Tutto aveva inizio il 2 dicembre del 2014, quando alla luce dei risultati sanciti dalle analisi di autocontrollo, eseguite dalla ditta Esi Lab Srl per conto dell’ente comunale, il sindaco di Serra San Bruno, Bruno Rosi, aveva inizialmente disposto la non potabilità – con un’apposita ordinanza (la numero 26/14) – dell’acqua erogata dalla quasi totalità dei serbatoi annessi alla rete idrica cittadina. Le difformità ai parametri indicati dal D. Lgs. 31/2001, riscontrate nei campioni prelevati il 20 novembre, avevano messo infatti in luce criticità riguardanti l’acqua in uscita dai serbatoi comunali di località “Ninfo” e “Guido", ma, soprattutto, anche di quella erogata dalle fontane pubbliche ubicate in località “Scorciatina”, in piazza San Giovanni, in piazza Mons. Barillari ed in Corso Umberto I, la stessa che finisce nella maggior parte delle abitazioni serresi, direttamente dal famigerato Alaco.
In seguito, però, proprio il 5 dicembre successivo, dopo quindi solo tre giorni, l’ordinanza numero 26 era stata parzialmente revocata con un atto successivo, e la non potabilità era rimasta in vigore esclusivamente per i serbatoi di “Ninfo” e “Guido”, in cui sarebbero state riscontrate criticità inerenti in particolare ai parametri microbiologici, ed appartenenti alla rete in cui viene potabilizzata ed erogata acqua delle sorgenti comunali. Quindi, ricapitolando, in seguito alla consultazione del responsabile del Settore manutentivo, vista l’urgente e non procrastinabile necessità di intervenire a tutela della salute pubblica fino a quando non sarebbe accertata la conformità dell’acqua erogata dai serbatoi e dalle fontane pubbliche in questione, il primo cittadino Rosi aveva ordinato «con decorrenza immediata, e fino a nuova disposizione», il divieto all’uso dell’acqua ai fini del consumo umano «esclusivamente per quella proveniente dal serbatoio di acqua denominato “Ninfo” (che serve solo la frazione avente la medesima denominazione), dal serbatoio di acqua denominato “Guido” (che serve solo la località avente la medesima denominazione) e quella erogata dalla fontana pubblica Scorciatina», così come si leggeva testualmente nel provvedimento.

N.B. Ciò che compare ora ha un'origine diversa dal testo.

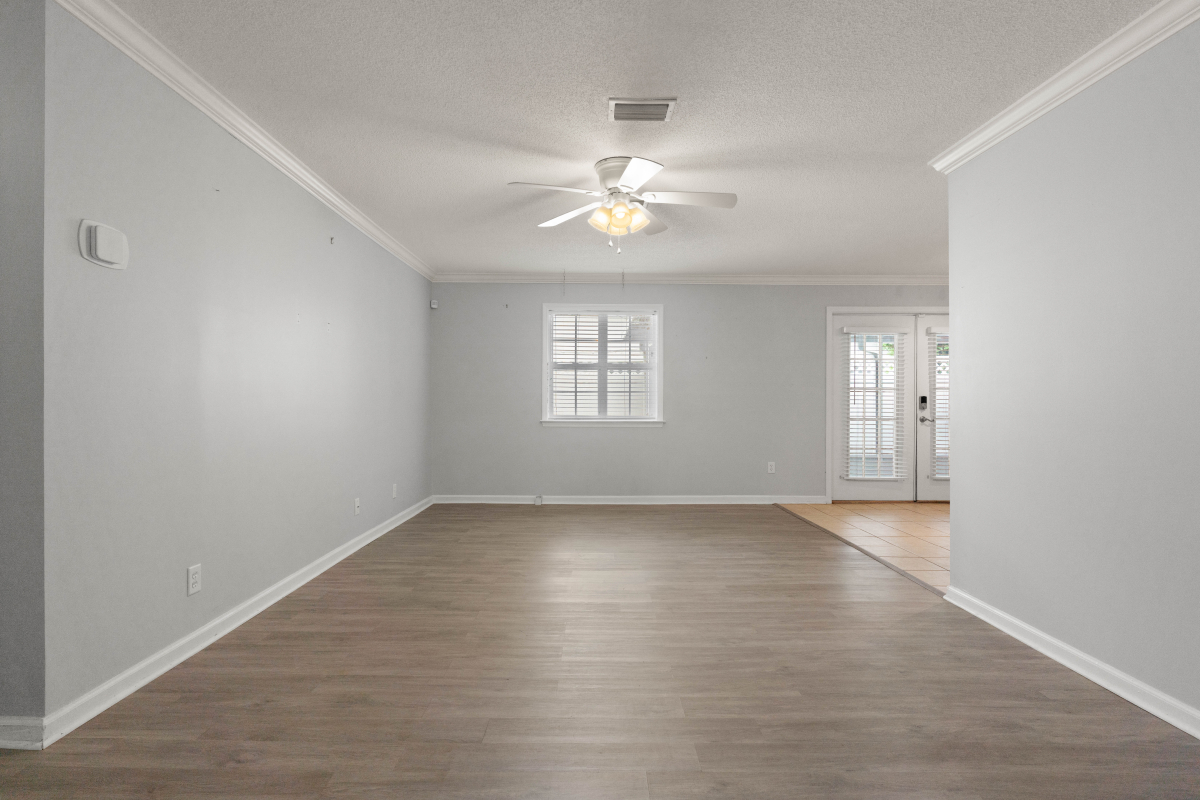 DSC03265 Open living room in Glynn Haven home for sale on St Simons Island with natural light and flexible layout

Ma, a distanza di sei mesi, l’atto è ancora in vigore. Non è noto però se almeno rispetto al pagamento del tributo afferente al servizio si sia calcolata uno sgravio proporzionato all’entità del disagio per i cittadini che abitano nelle zone interessate, né soprattutto se questi stiano nel tempo mettendo a repentaglio la proprio salute usufruendo, da oltre mezzo anno, di acqua che ancora, almeno sulla carta, risulta essere non potabile.